◆ What the task asks
Write again exactly the lines in the listing below, starting at the line with "241326#Precious Snake Short Square Nails" and ending at the line with "Front of 4533 Carriage Road", both included. Pictures are not copied.

········

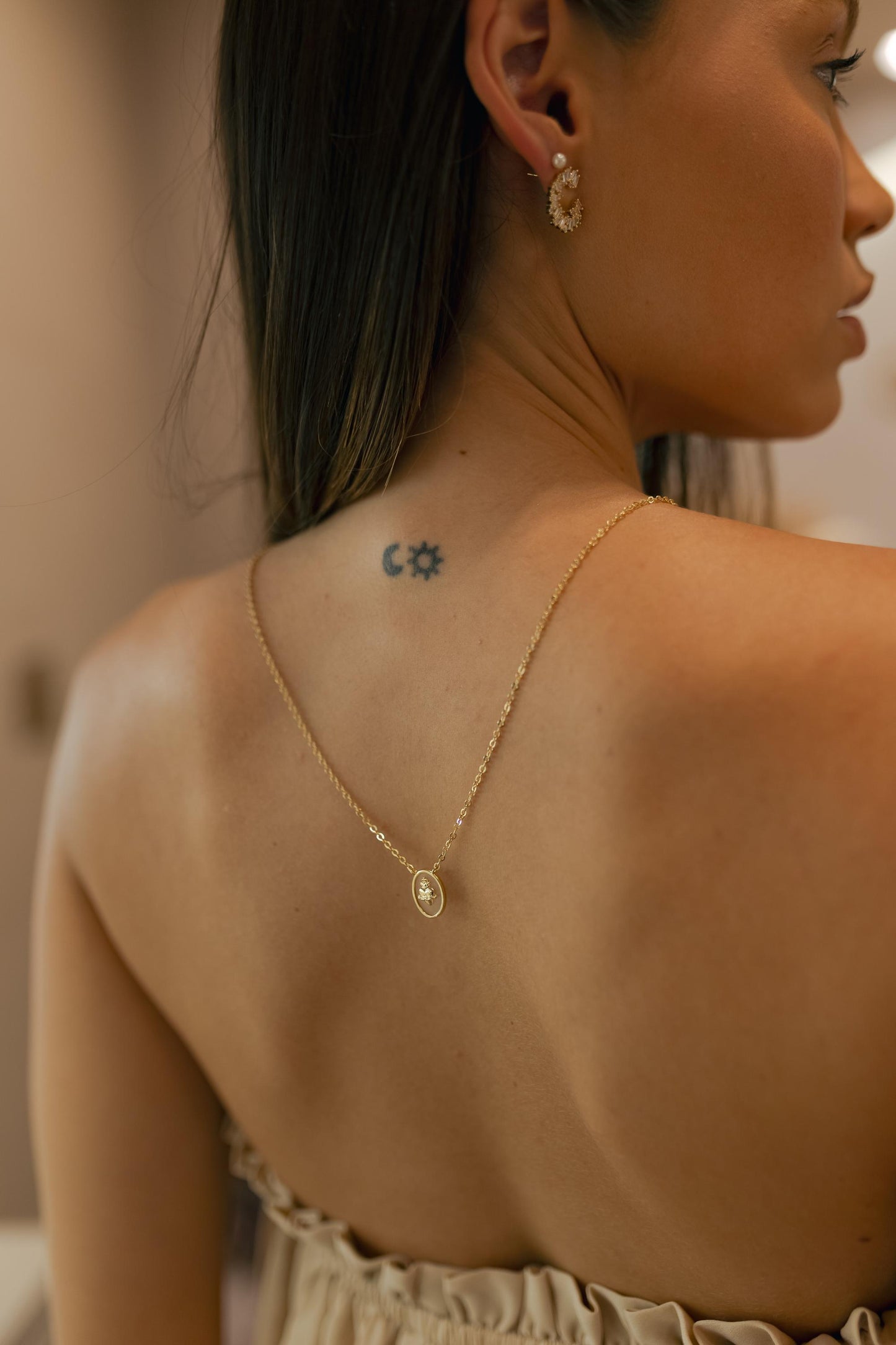 Colar Escapulário Flutuante Dourado
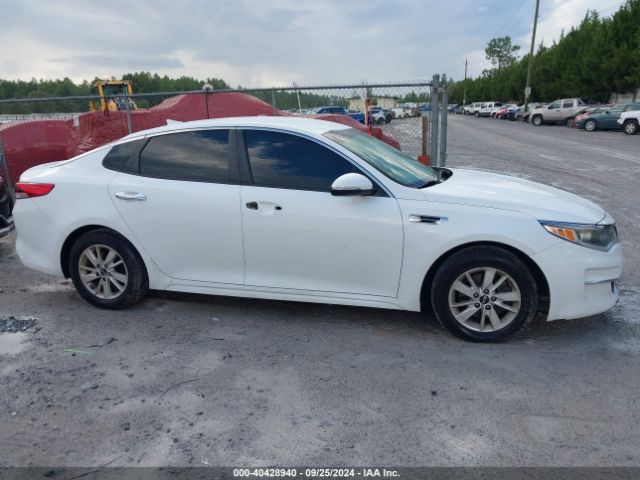 5XXGT4L30JG204588 KIA Optima Lx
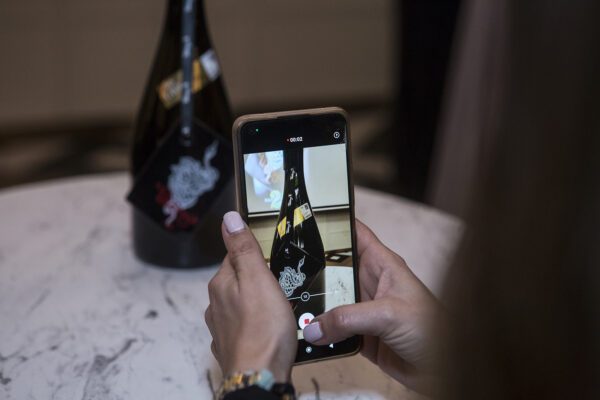 THARSYS X BRUT NATURE GRAN RESERVA 2019 - Imagen 2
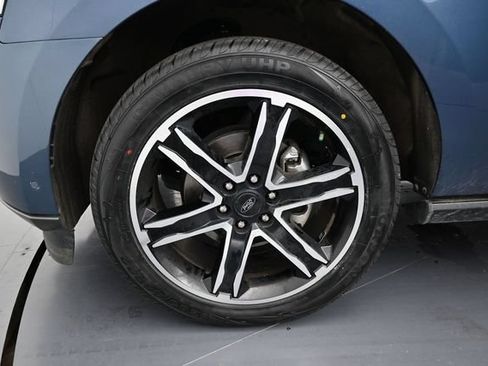 Certified 2019 Ford Expedition Limited w/ Equipment Group 303A AWD/4WD image 9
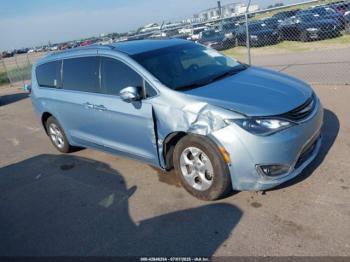  Salvage Chrysler Pacifica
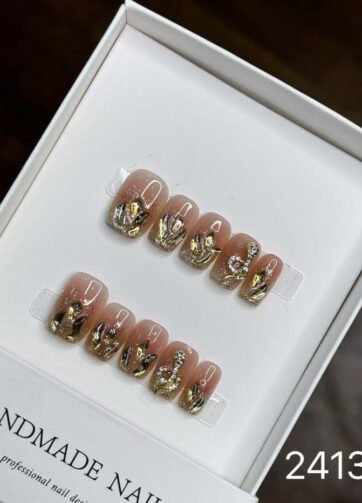 241326#Precious Snake Short Square Nails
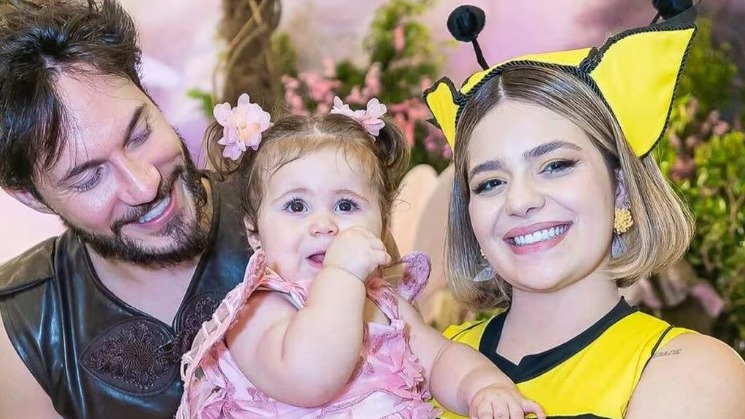 Viih Tube expressa frustração com polêmicas em aniversário da filha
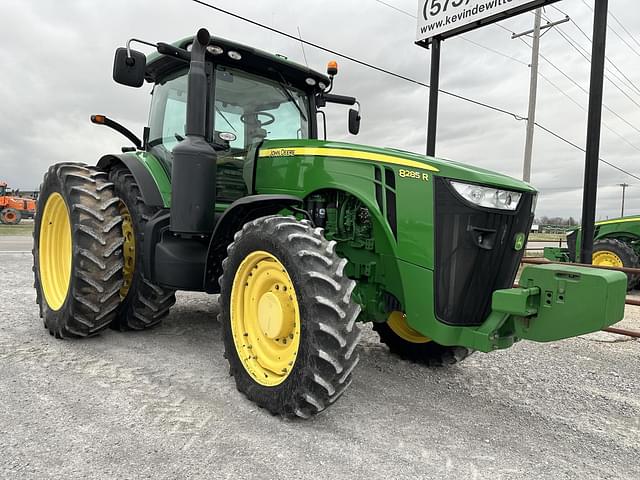 Image of John Deere 8285R equipment image 3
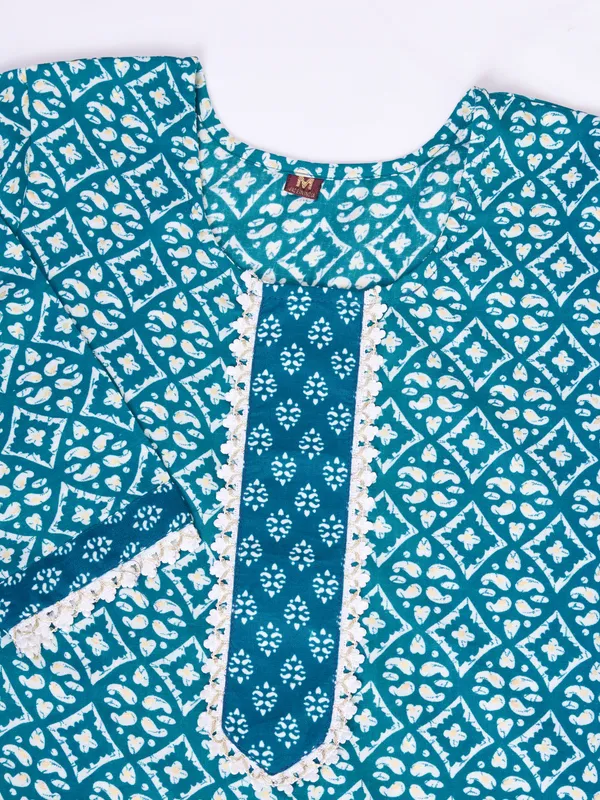 Blue_Cotton_Blend_Stree_Kurta_Set_For_Women
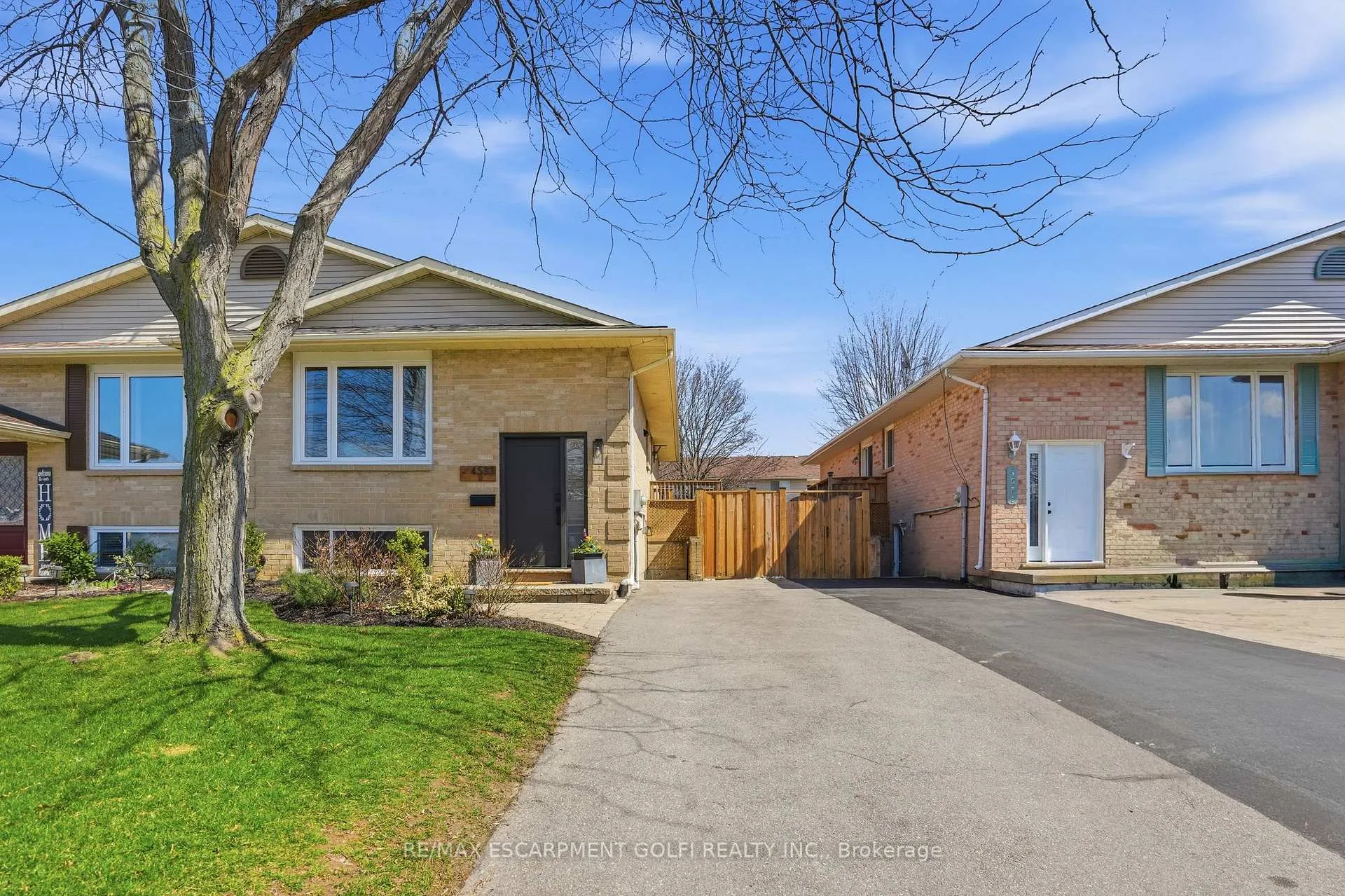Front of 4533 Carriage Road
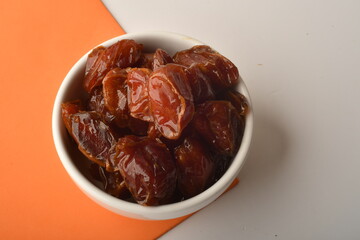 dates fruit , famous for it in the regions of [Al-Qatif, Al-Qassim, Al-Kharj and Al-Hasa] in Saudi Arabia. It is characterized by preserving its good flavor after a long period of storage.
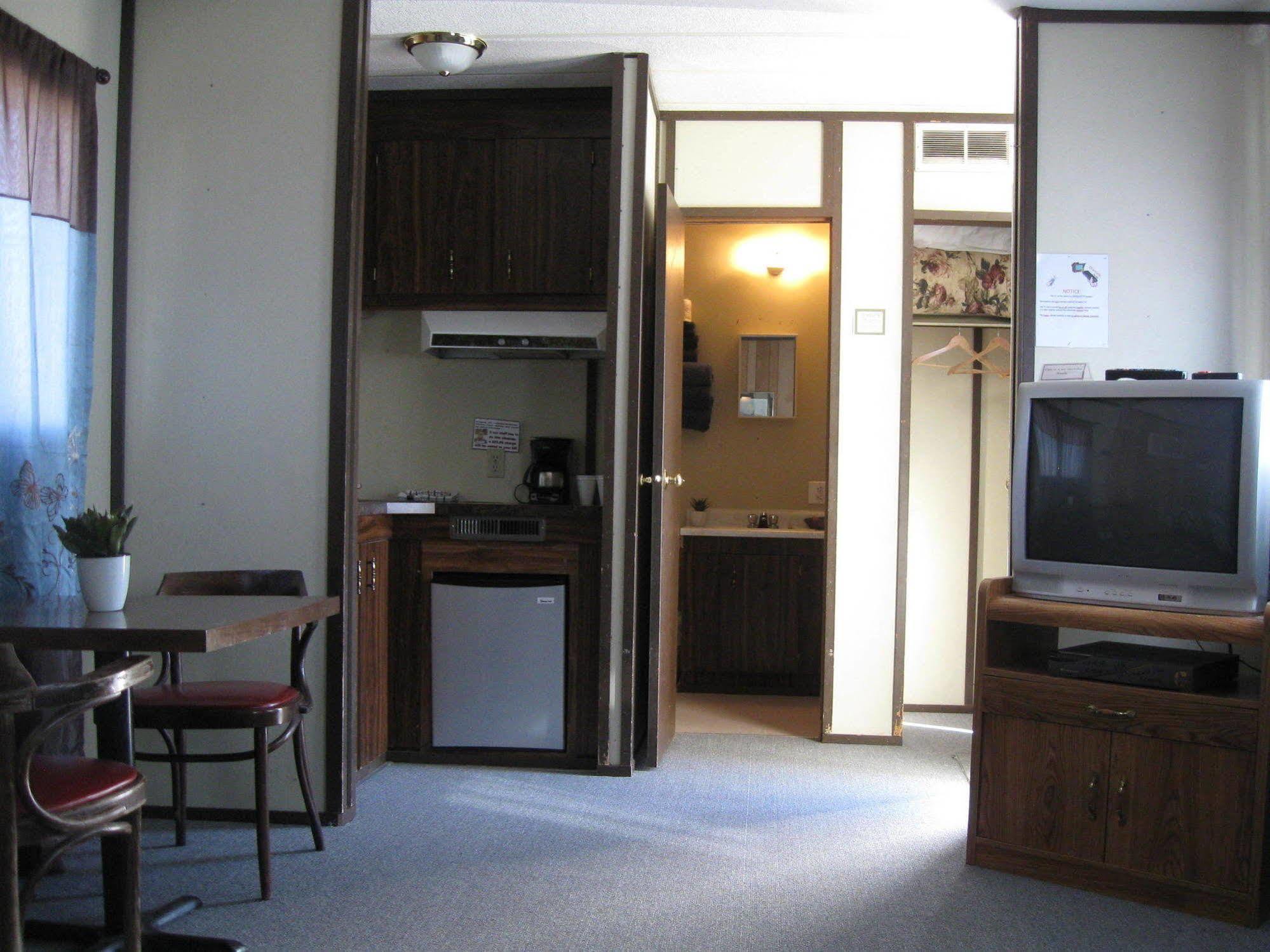 1202 Motor Inn Beaver Creek Экстерьер фото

········

◆ Completed exercise
 241326#Precious Snake Short Square Nails
 Viih Tube expressa frustração com polêmicas em aniversário da filha
 Image of John Deere 8285R equipment image 3
 Blue_Cotton_Blend_Stree_Kurta_Set_For_Women
Front of 4533 Carriage Road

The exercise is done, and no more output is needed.